The appeal is dismissed.
The foregoing opinion of the Commission of Appeals has been examined by the Judges of the Court of Criminal Appeals and approved by the Court.
ON APPELLANT'S MOTION TO REINSTATE THE APPEAL.
The record having been perfected, the appeal is reinstated and the case considered on its merits.
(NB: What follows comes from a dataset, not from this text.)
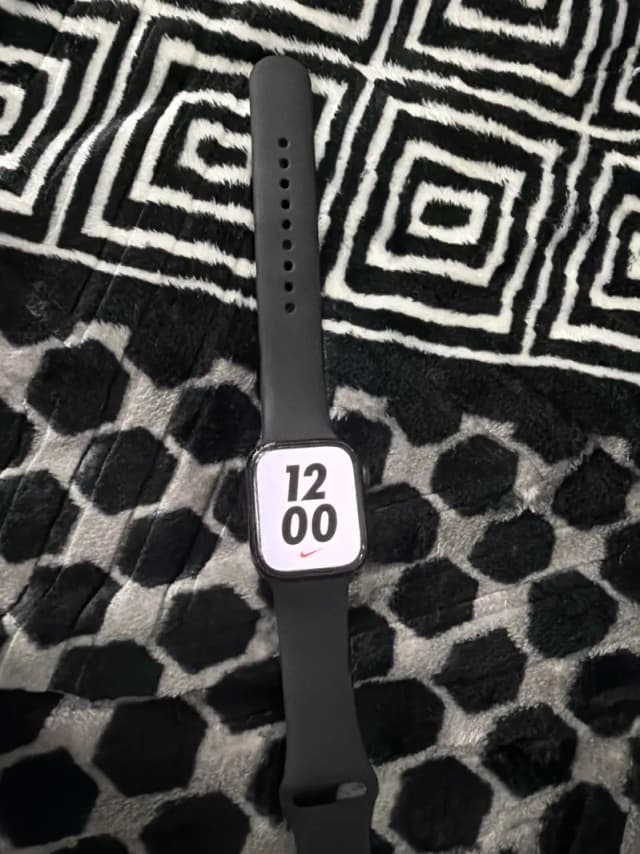 Apple watch series 8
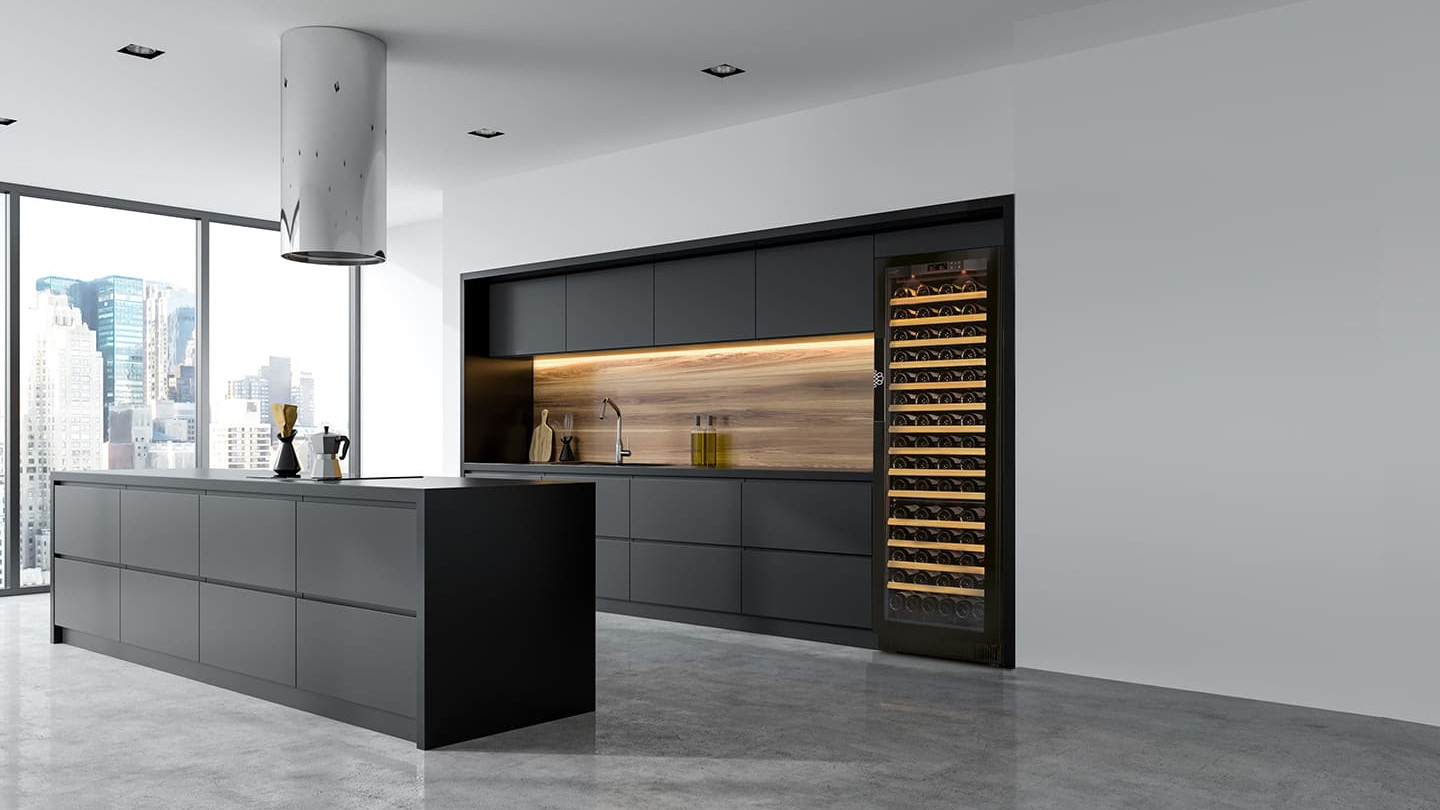 Grande cave à vin encastrée multi-températures porte vitrée et clayettes coulissantes en bois avec une grande capacité de rangement de bouteilles de vin. Compact EuroCave Grande cave à vin encastrée multi-températures porte vitrée et clayettes coulissantes en bois avec une grande capacité de rangement de bouteilles de vin. Compact EuroCave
The count in the complaint under which appellant was convicted charges, in part, as follows: "On or about the 15th day of January, 1938, Johnnie Phariss did then and there unlawfully transport an alcoholic beverage, to wit, whisky." The complaint was sworn to and subscribed by A. P. Mercer on the 15th day of January, 1938, and filed on the same day. It embraces no language showing that if the offense was committed on the 15th day of January, as alleged, it occurred prior to making the complaint. In giving effect to the announcement of the decision, we are constrained to hold that the complaint is not sufficient to charge that the offense was committed before said complaint was made. Martin v. State, 162 S.W. 1145; Williams v. State, 12 Tex.Crim. R.; Andrews v. State, 14 S.W. 1014; Kennedy v. State, 3 S.W. 480; Jim Meadows v. the State, Opinion No. 20,272, this day delivered. (Page 91 of this volume).
The counts of the complaint and information under which appellant was convicted fail to charge that McCulloch County was a dry area. There are sufficient averments in the first count to show the dry status of the county. While we leave undecided the question whether the first count can be looked to in aid of the second count, it is suggested that if another complaint and information are filed it would be proper to set forth therein sufficient averments relative to the dry status of McCulloch County.
The judgment is reversed and the prosecution ordered dismissed.
The foregoing opinion of the Commission of Appeals has been examined by the Judges of the Court of Criminal Appeals and approved by the Court.